Iowa may not be forcing as many turnovers as in recent years, but that hasn’t made its defense any less productive.

NCAA Football: Purdue at Iowa Jeffrey Becker-USA TODAY Sports

The Iowa Hawkeyes are truly a one-of-one in modern college football. Despite averaging fewer yards per game than any team in the FBS, Iowa is 7-2 (and would have been 8-1 if not for an extremely controversial call that cost the Hawkeyes the game against Minnesota) and sitting alone atop the Big Ten West. While the offensive renaissance promised by Iowa amid a slew of high-profile transfers failed to yield fruit or save Brian Ferentz’s job, the Hawkeyes have once again ridden an elite defense to what has the makings of a successful yet unconventional season.

Over the past few years, Iowa’s defensive prowess has been built at least in part on the team’s ability to create takeaways. Iowa ranked in the top 25 teams nationally in total takeaways every year from 2020-22, and the 2021 Hawkeye squad forced the third most turnovers in the nation and led college football in interceptions with 25. Yet this year’s Hawkeye defense has bucked this trend; the 2023 team has forced only 11 turnovers through nine games, ranking 89th in the country. However, despite Iowa’s inability to create takeaways at the rate they have in recent years, the Hawkeyes have been as dominant on defense as nearly any team in the Kirk Ferentz era. Iowa is allowing fewer yards per play this year than all but one team in the FBS (4.05) and are allowing opponents to score fewer points per game than all but four (13.7). No team in college football has allowed fewer rushing touchdowns than the Hawkeyes this season (one), and the Hawkeyes lead the nation in the fewest yards allowed per passing attempt (4.8). One need look no further than the Hawkeyes’ goal line stand against Northwestern last week to see how exceptionally difficult it is to score on this team, even when the Iowa offense regularly puts the defense in difficult positions. Iowa’s defense may not be generating the flashy highlights that it has over the past few seasons, but that hasn’t made the unit any less elite.

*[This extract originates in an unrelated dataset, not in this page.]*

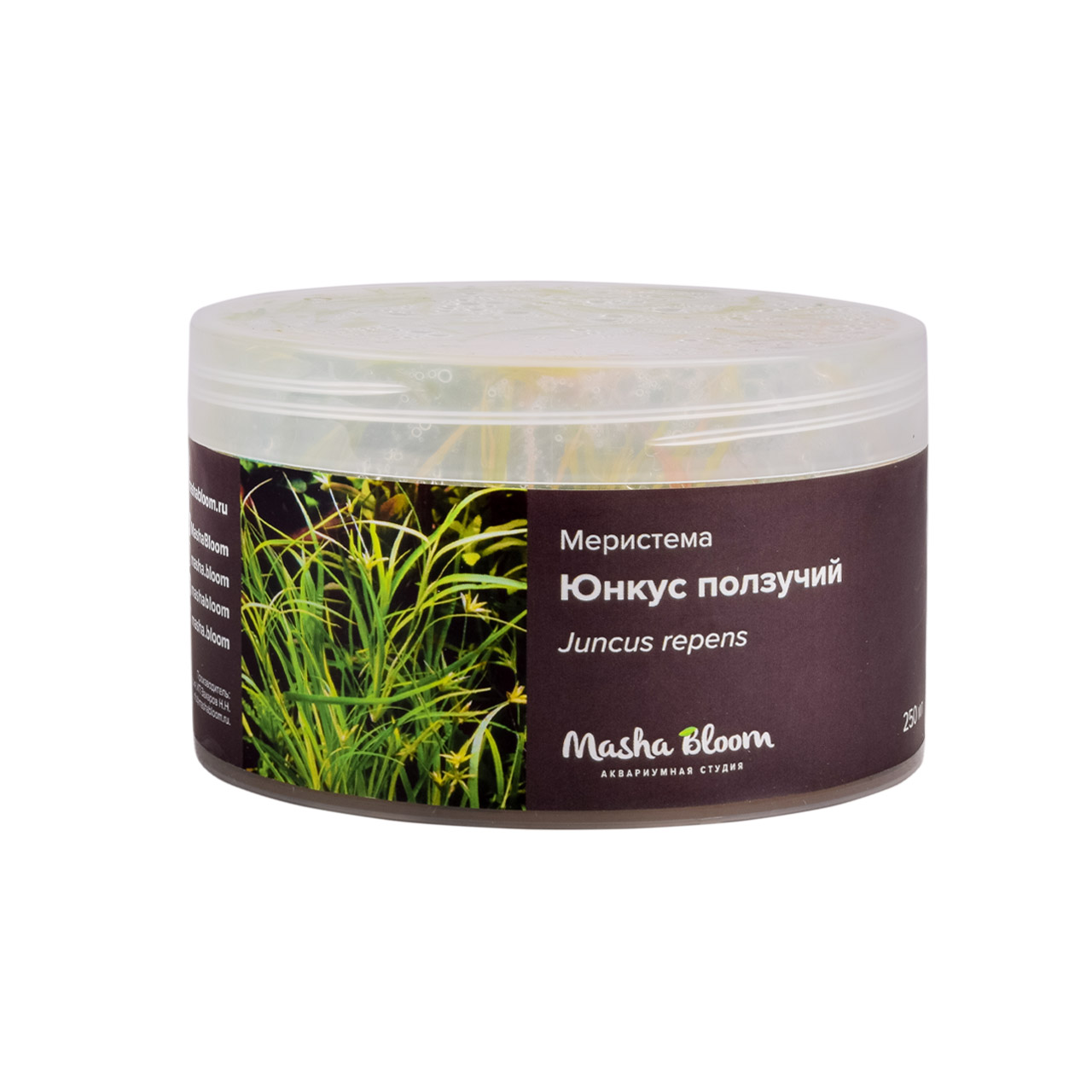 ЮНКУС ПОЛЗУЧИЙ (Juncus repens) меристема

Iowa’s coaching staff deserves an immense amount of credit for building a defense that is as well-coached and technically sound as any college football has seen in several years. Kirk Ferentz has always prioritized the development and protection of Iowa’s defense and has assembled an elite staff on that side of the ball capable of identifying and developing talent in addition to preparing them for every game. Defensive coordinator Phil Parker is worthy of every accolade he has received throughout his illustrious career and has coached an exceptionally disciplined squad that avoids mistakes, takes excellent pursuit angles, and excels at swarming to the ball carrier. Position coaches Kelvin Bell and Seth Wallace are similarly deserving of praise for coaching deep, talented units that have thrived despite the loss of first round NFL draft picks in Lukas Van Ness and Jack Campbell. A recent breakdown by Urban Meyer for the Big Ten Network did an excellent job detailing the ways the Iowa defense is coached to do the little things that make this group so elite.

While there are no real weaknesses to the Iowa defense, the Hawkeye secondary has arguably been the engine that has propelled them to success. Cooper DeJean is one of the best cornerbacks in the country, a lockdown cover man who doubles as one of Iowa’s best scoring weapons with his ability to create pick-sixes and flip the field in the return game. Sebastian Castro may be the most improved player on the Iowa defense and can also make a case for being its most valuable player. An elite tackler who has improved his cover skills this season, Castro can defend the run like a linebacker and cover like a nickelback, all while setting the tone for the defense with his aggressive yet controlled style of play. Safeties Xavier Nwankpa and Quinn Schulte are excellent regardless of whether they are playing in the box or playing centerfield on passing downs, while Jermari Harris provides a physical presence at cornerback that serves as an excellent complement to DeJean’s athleticism. Add in a slew of promising young players like Deshaun Lee, TJ Hall, and Koen Entringer, and Iowa’s secondary is as deep and talented as any in the country. Even without an elite pass rush, Iowa’s back five has still been strong enough to forge the Hawkeye pass defense into one of the country’s best.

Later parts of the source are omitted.